Post-363: The Future of Fiji (and the World) as Seen From 1859

(Expanded from a draft from mid-August 2015. I was reading about Fiji at the time before I was to spend twelve hours in that mysterious, tropical island-country as part of one of my returns-to-the-USA in late August 2015. I was coming from Brisbane, Australia, visiting my cousin, Mel. W. The long layover in Fiji was also the cheapest option. From my perspective fortuitous as it would give me a foray into Fiji on the cheap.

 

 

In the weeks before I was to briefly spend time in Fiji in August 2015, I looked around for material. One thing I found to be so amazing as to be worth recording here. It is something published in March 1859, which concludes with a series of futurist predictions about Fiji and the world. Reading these predictions from 1859, I am amazed.

The predictions have (nearly) all come true:

(Final two paragraphs of an anonymous, ten-page book review appearing in The Knickerbocker [March 1859 issue] . The reviewed book is the 1858 Fiji and the Fijians by Thomas Williams and James Calvert (ed.
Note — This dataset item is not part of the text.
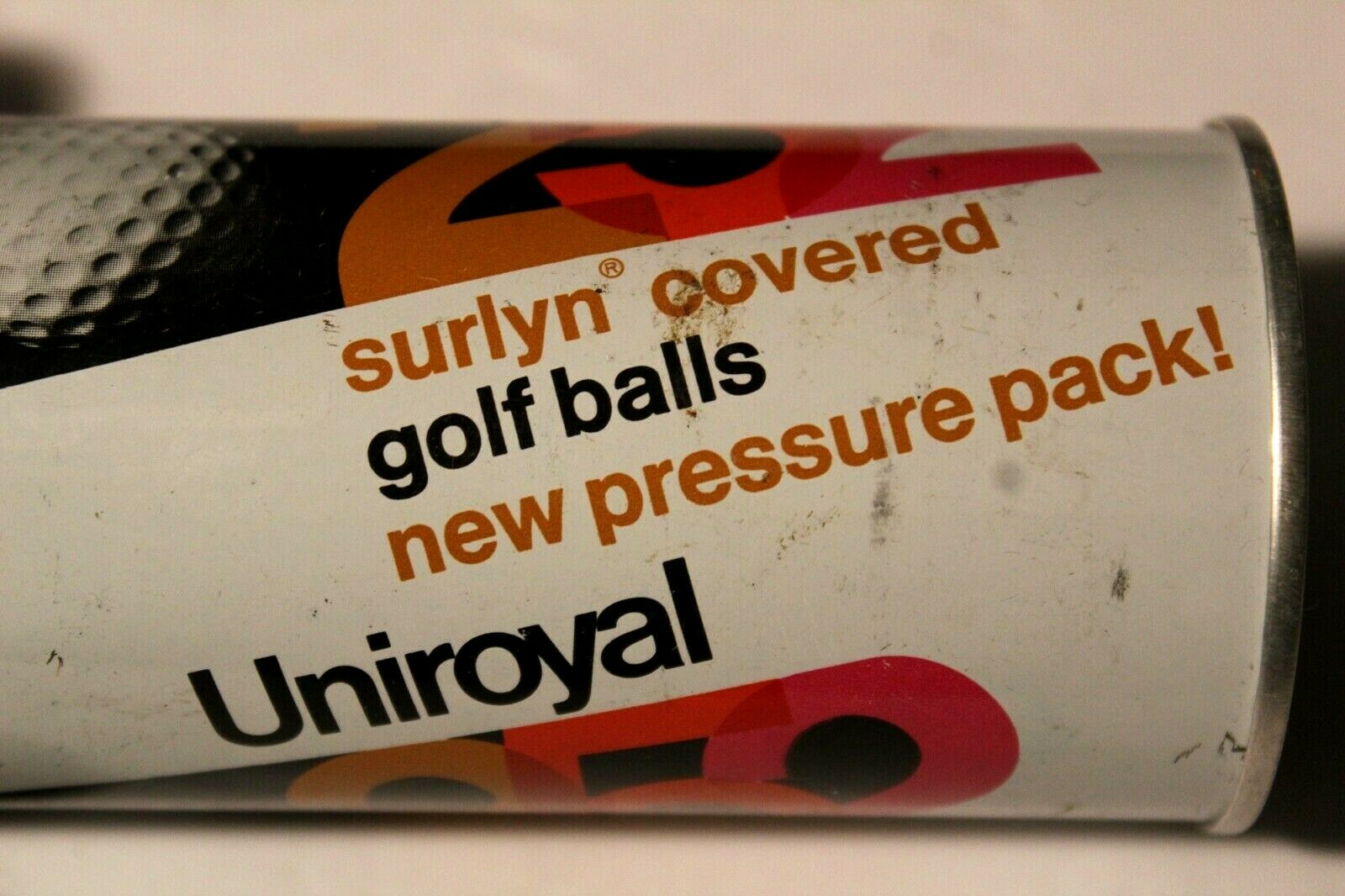 Vintage Uniroyal 252 Surlyn Cover Golf Balls 3 Balls Metal Can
George Stringer Rowe). The Knickerbocker was a New York literary magazine with an 1833-1865 publication run. It was similar in style, and likely a partial antecedent to and/or inspirtation for, The Atlantic [first issue published in 1857]). The entire March 1859 edition of the Knickerbocker is online here.)
 

 
Picture
Fiji Sunset — approximately the view I had. (Updated in Sept. 2019 with website move; I cannot now recall whether I took this picture, but it looks exactly like mine and what my memory tells me.)

First, my own brief experience in Fiji, then an attempt to evaluate the Knickerbocker writer’s predictions with the distance of 159 years of time elapsed since publication. Summary: Very accurate.

 

A Brief Foray into Fiji, Late August 2015

Fiji is not like any place I have been, before or since.

I formally entered the country and have the passport stamp to prove it, which means I am counted as one of the 67,831 U.S. citizens who entered Fiji in calendar year 2015 (that is 186 per day). I see that two-thirds of foreign entries into Fiji in 2015 were Australia and New Zealand citizens, a combined 506,000 (1,386/day).

When you drop into a new place, not really knowing what to do or how things work, a lot of what happens depends on luck and the good-will of strangers. It is always that way. Planning does help, but often even a well-formed plan starts fraying or falls apart entirely upon contact with the real world. You make the best of it. My plan was had been to get a short taxi ride from the airport to the center of the large town nearby, walk around a while, then go back to the airport. Not very ambitious, but this was just one stop on an ambitious week-long return to the USA. Other stops included Hong Kong [1.5 days]; Malaysia [one day]; Gold Coast/Brisbane, Australia [three days]; Christmas Island (Kirimati) [about two hours only]; Hawaii [two days]; Seattle [half day]. Doing it this way is the kind of win-win the careful traveller with flexible timing can sometimes get: cheapest cost and many built-in (long layover) stops with no need to pay for accommodation.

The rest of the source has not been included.